Já na copa, Francine devorava uma grande fatia da torta numa mesinha quadrada com banquetas, a médica bebia um café junto ao balcão da pia.
— Que bom que o casaco serviu. — Referia-se ao casaco cinza que ela trajava.
— E é bem quentinho, obrigada. Você dá casacos para todo mundo que precisa?
— Não.
— Esse ainda estava com a etiqueta.
— Sim, comprei quando estava vindo para cá. O verde era meu, mas eu usei poucas vezes.
— Eu sei, ainda tinha um pouquinho do seu cheiro.
— Desculpe, eu deveria ter lavado mais uma vez, não é?
— Não, eu gostei. O cheiro é bom. Não vai comer também?
— Já comi, não posso exagerar.
— Nem mais um pedacinho? É seu aniversário.
— Não posso vacilar.
— Mas você não é gorda.
— Eu não estou gorda, mas vivo sob o assombro da compulsão alimentar, é uma luta diária.
— Engorda fácil?
— Quando saio da linha, sim. Inclusive tenho uns quilos a perder.
— Você está bonita assim.
— Obrigada. Você pelo visto pode comer um boi inteiro que continua magra, né?
— Eu como bastante. — Respondeu dando uma garfada com vontade.

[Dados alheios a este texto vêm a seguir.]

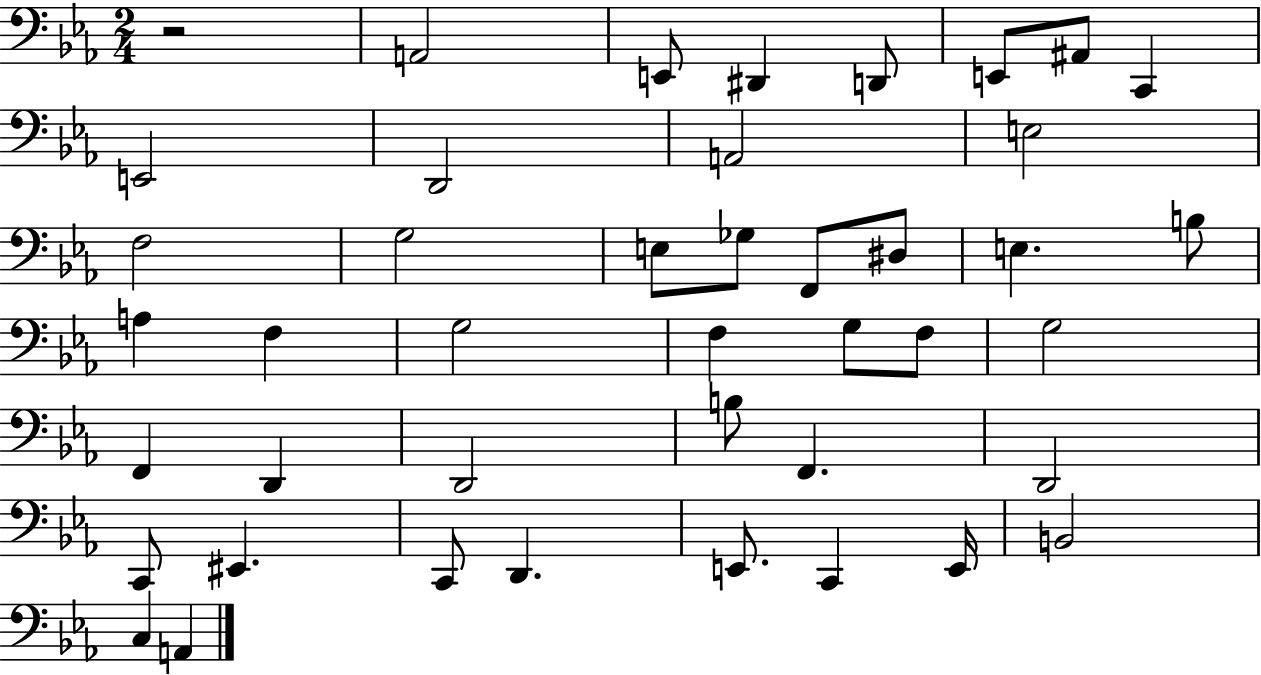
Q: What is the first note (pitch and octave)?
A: A2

A médica puxou uma banqueta e sentou à sua frente, passando papel toalha na mesa.
— Você não sabia que sua colega tinha essas marcas? — Clarisse iniciou a conversa.
— Já tinha ouvido falar, mas nunca tinha visto. — Respondeu com a boca cheia.
— Pode engolir antes de responder.
— Foi mal.
— Como começou esse clima de guerra entre vocês duas?
— Sei lá. Posso pegar mais refri?
— Claro. Você não se recorda? Faz tanto tempo assim?
— Foi no início do ano, mas eu não quero falar sobre isso.
— Um dia você me conta?
Balançou a cabeça concordando e bebeu mais refrigerante.
— Maria Paula tem depressão, tem altos e baixos, então algumas coisas que você fala e parecem inofensivas, podem ser gatilho para que ela se sinta mal.
— Mas não sou eu que começo.
— Tente resistir a tentação de revidar, apenas saia de perto. Não vou pedir que vocês sejam melhores amigas, mas nos momentos de calmaria você pode tentar se aproximar aos poucos, oferecendo ajuda ou uma conversa, talvez ela implique com você por carência, por ser o mecanismo de defesa dela, mas você pode tentar mudar isso, pode partir de você.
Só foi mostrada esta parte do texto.